01:00 AM EDT on Thursday, July 24, 2008

By Donita Naylor

Journal Staff Writer

EXETER — Any developer, even if it’s the State of Rhode Island, must get planning and zoning approvals, members of the Planning Board said Tuesday night.

Planning Board member Francis P. DiGregorio said that a special meeting of the Town Council last Thursday was crowded with state officials presenting their plan to build a state fire training academy on part of the former Ladd Center property off Route 2.

“They showed the plans at some length,” Town Planner David W. Schweid reported to board members who hadn’t attended the special council meeting. “The plans and the actual proposal for the fire training facility looked great.”

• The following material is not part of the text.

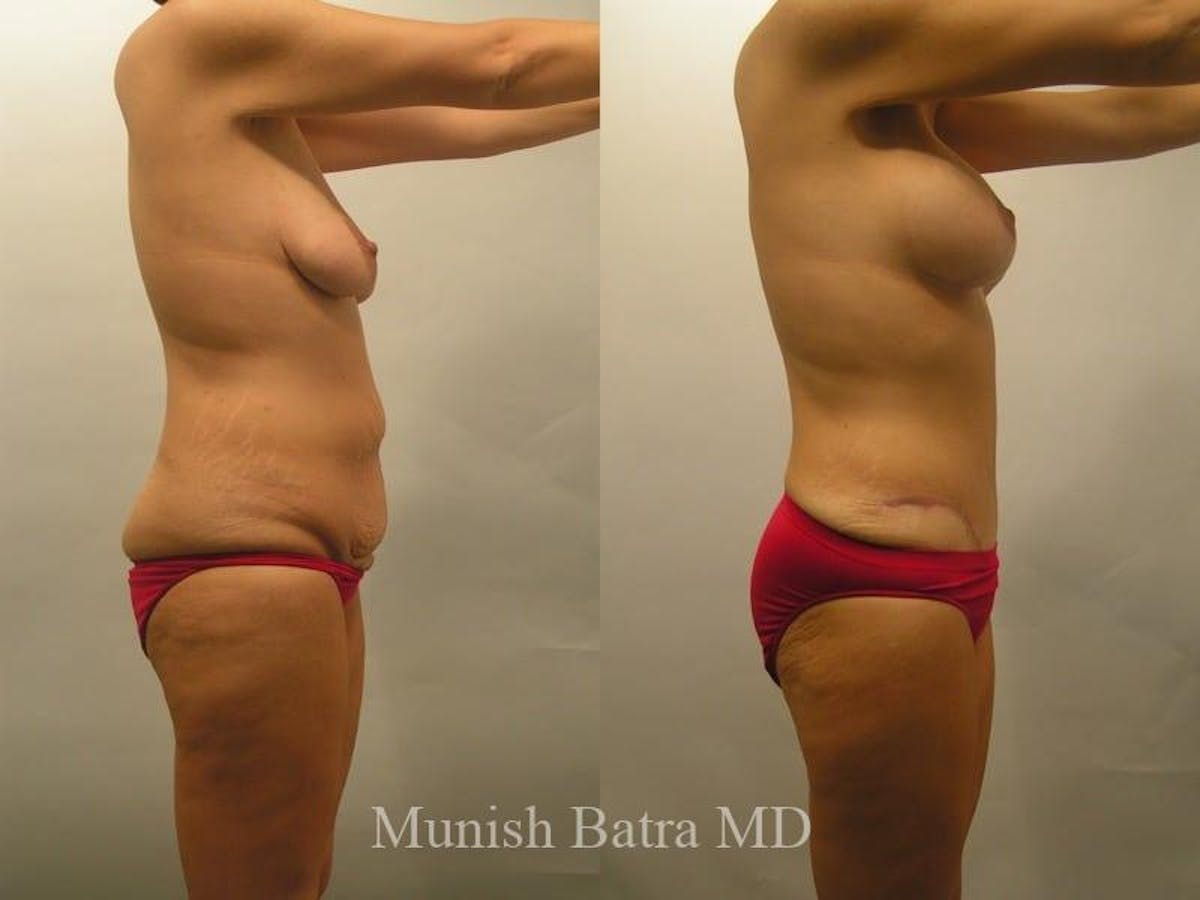 Mommy Makeover Before & After Gallery - Patient 418718 - Image 2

But instead of leaving a set of plans with him, or making arrangements to meet with planners about the proposal, state officials took the plans with them.

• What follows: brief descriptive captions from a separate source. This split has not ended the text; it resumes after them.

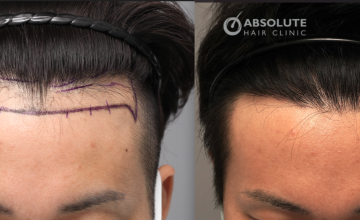 Dr. Kongkiat Laorwong, MD, FISHRS, male hairline  FUE 1920 grafts, 12 months post op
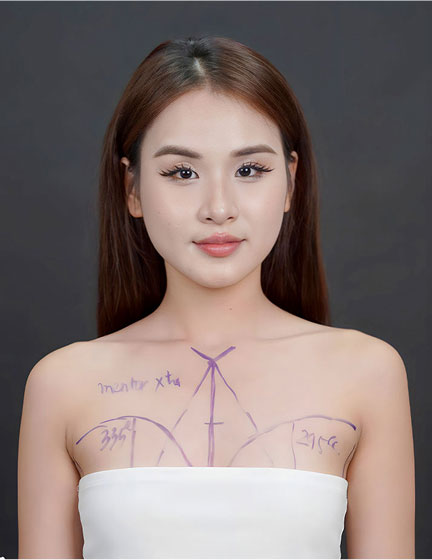 Trước sau cắt cánh mũi 1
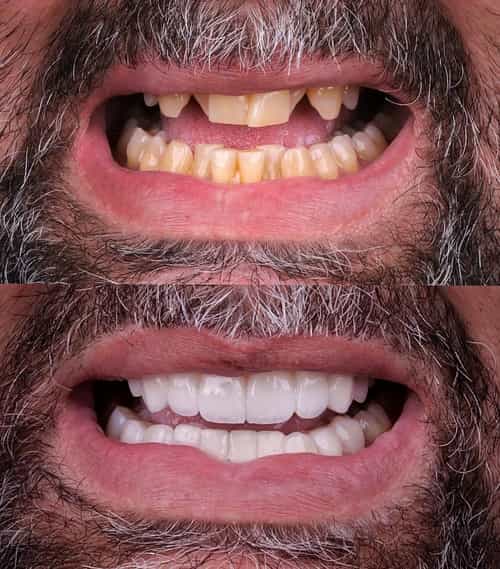 Rehabilitación oral
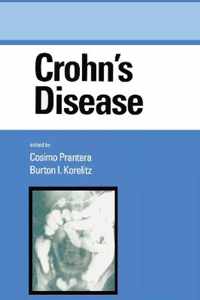 Crohn's Disease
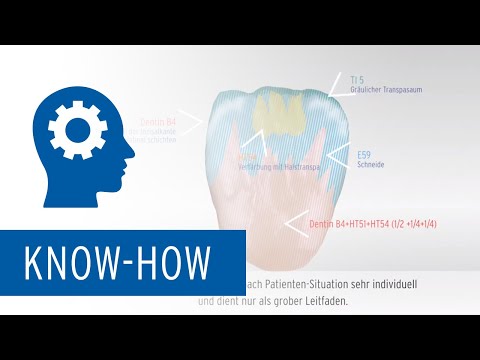 Zolid HT+ Preshades – Einfärbetutorial 16 aus 7 | High Esthetics Methode B2-B4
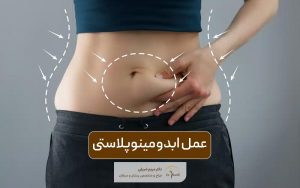 عمل ابدومینوپلاستی (تامی تاک) یا جراحی زیبایی شکم و انواع آن
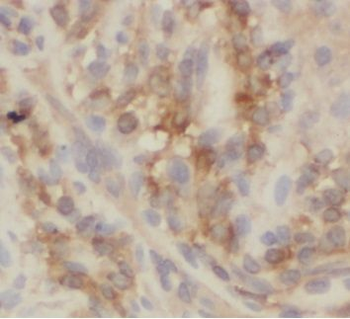 VIL1 Antibody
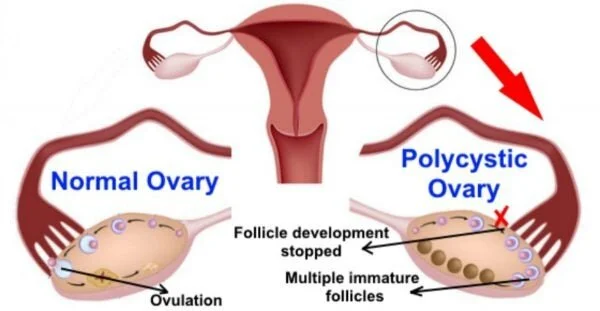 Polycystic Ovary Syndrome (PCOS):  What in the World? (Copy)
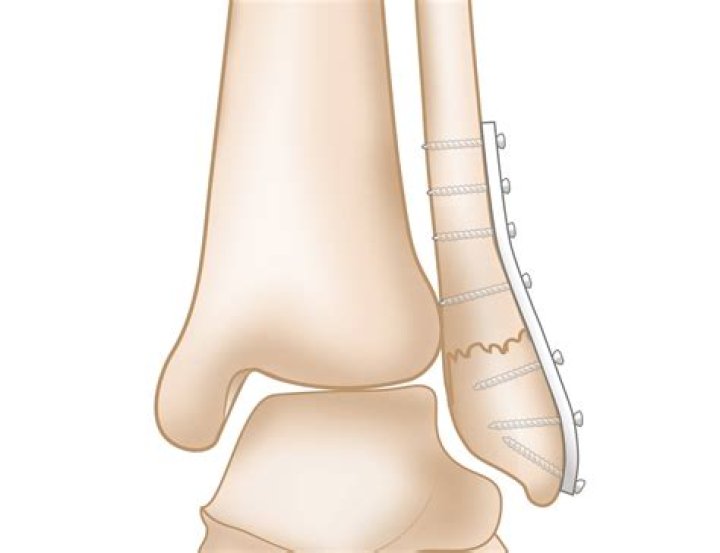 Can you walk on a lateral malleolus fracture?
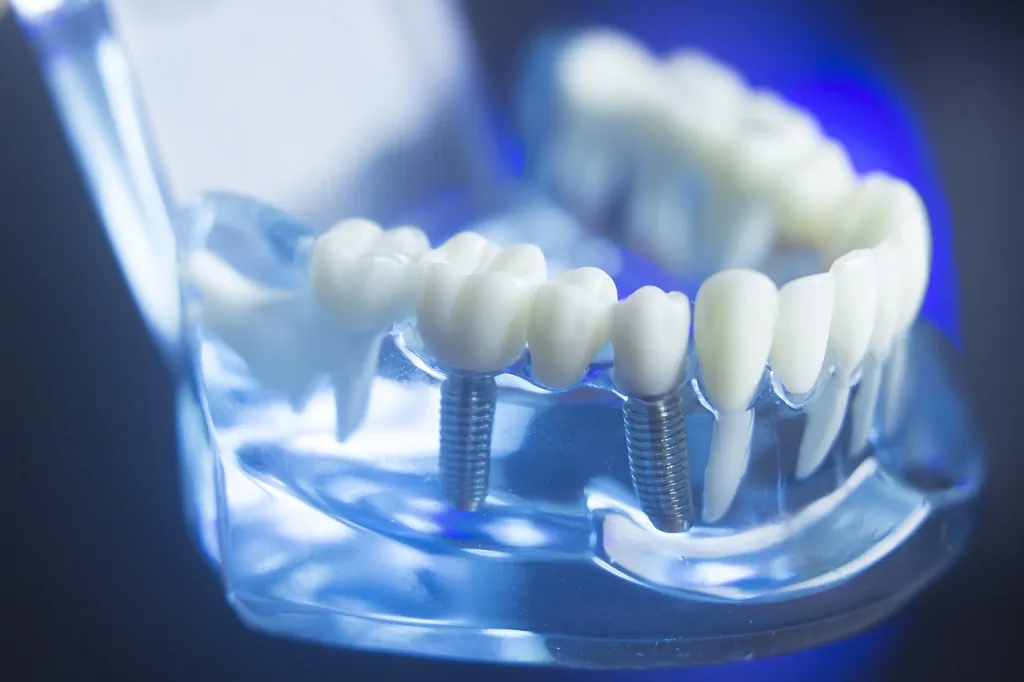 סוגי השתלות שיניים – סוגי שתלים
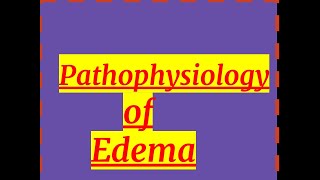 PATHOLOGY OF EDEMA [upl. by Nhabois]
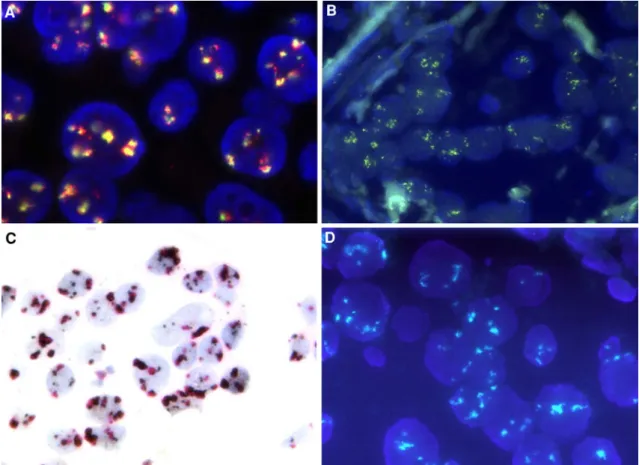 Fig. 3 Different amplification patterns in cluster forming chromo- chromo-somal gain on 17q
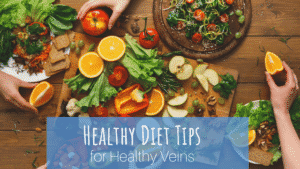 Healthy Diet Tips for Healthy Veins - Summit Skin Care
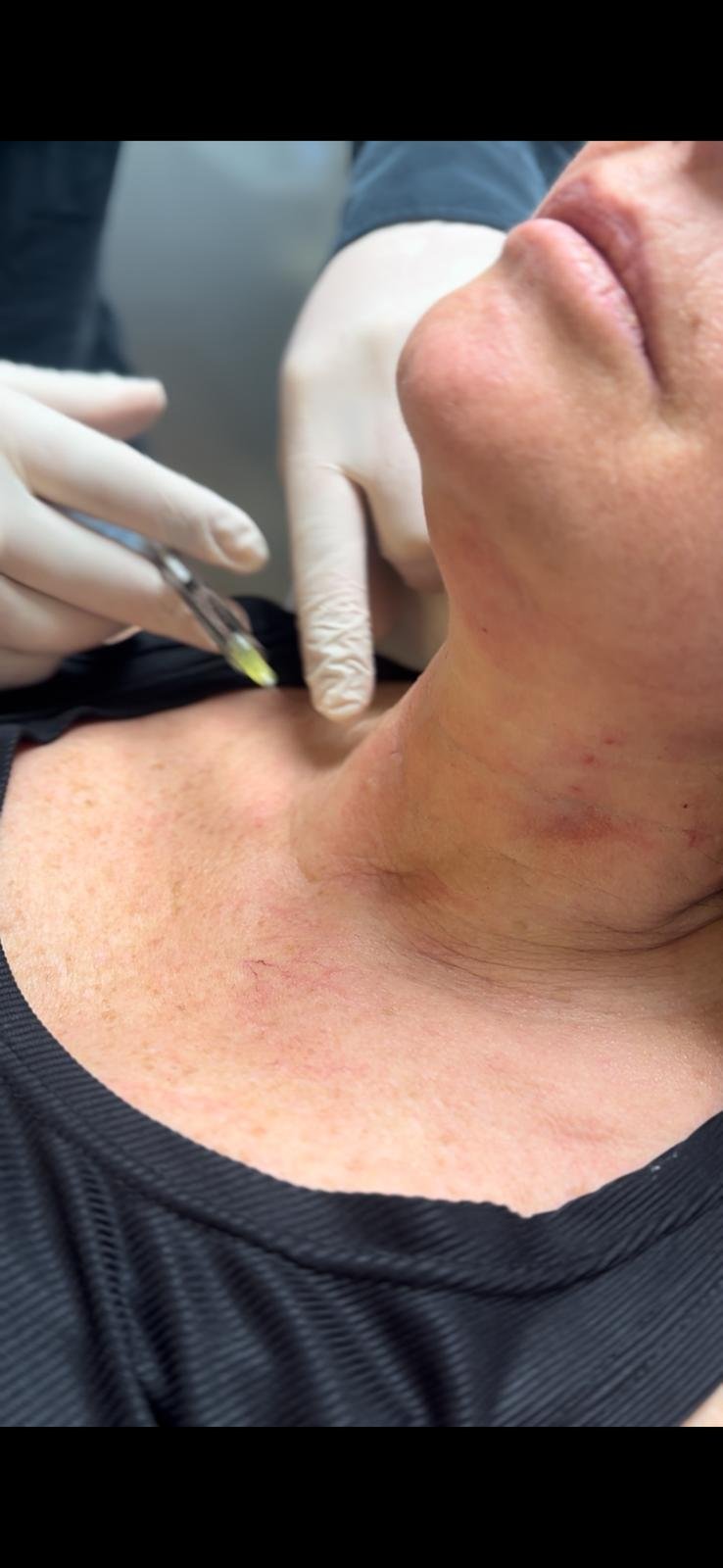 Kök Hücre Tedavileri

Schweid pointed out that Scott Kettelle, Exeter’s director of emergency management and a member of the Rhode Island Fire Education and Training Board, which is planning the academy, had urged state officials to submit project plans to the Planning Board.

Planning Board Chairman James Michael Abbott said the council voted that any reasonable proposal should go before the Planning Board. State officials left without indicating they would do so, he said.

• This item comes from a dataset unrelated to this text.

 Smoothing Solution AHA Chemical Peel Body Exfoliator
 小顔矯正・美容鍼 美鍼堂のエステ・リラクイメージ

“The reason we feel so strongly about it,” DiGregorio said, is because the town’s only major aquifer is directly under the site.

“Our comprehensive plan, and now our Vision for Exeter process, is going to rely on a mixed-use village concept,” DiGregorio said, “and there’s only one place that can happen, and that is right by the Ladd School.”

Board member Susan Littlefield suggested they ask the Town Council to insist that plans be subject to the usual Planning Board scrutiny.

Planning Solicitor Peter D. Ruggiero said a letter from the planners would help the council decide how to proceed if construction starts without the necessary approvals.

Schweid suggested a wait-and-see attitude.

DiGregorio also said that the state had given some of the Ladd Center land to the Veterans Cemetery and some to the Nature Conservancy, without going through the proper process. “That’s an illegal subdivision,” he said.

Ruggiero said that the extent to which the state is subject to local jurisdiction should be decided by the courts. “That’s the reason why you still have litigation.”

The board questioned whether Exeter was the best place for a fire academy.

“The aquifer is critical to the future of the town,” DiGregorio said. “We have nothing against the fire academy itself; we’re concerned about the state using this land. Every time you put something there, it’s that much more risk to the aquifer. If they won’t give you the reports, there must be a reason why.”